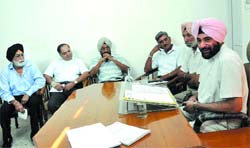 Retired Army officers with DC Ajeet Singh Pannu in Jalandhar.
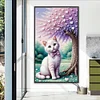 (40*70cm)DIY Full Round Drill Diamond Painting-Cat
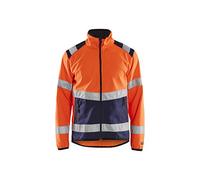Blaklader 48772516 VESTE EN SOFTSHELL HAUTE VISIBILITÉ, Orange/Bleu marine, taille M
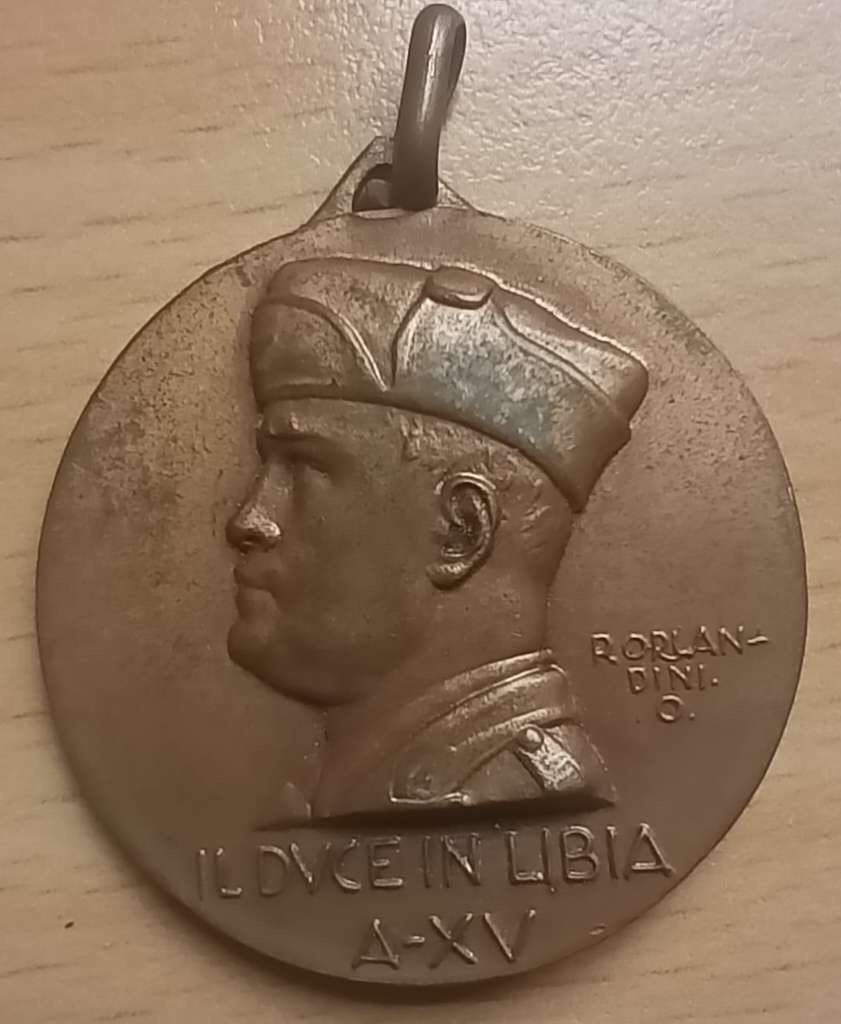 Libya Italian Fascist medal Mussolini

▸ **Exercise goal**:
The reply should consist of the listing restated word for word, with its pictures removed.

▸ **Task output**:
 Retired Army officers with DC Ajeet Singh Pannu in Jalandhar.
 (40*70cm)DIY Full Round Drill Diamond Painting-Cat
Blaklader 48772516 VESTE EN SOFTSHELL HAUTE VISIBILITÉ, Orange/Bleu marine, taille M
 Libya Italian Fascist medal Mussolini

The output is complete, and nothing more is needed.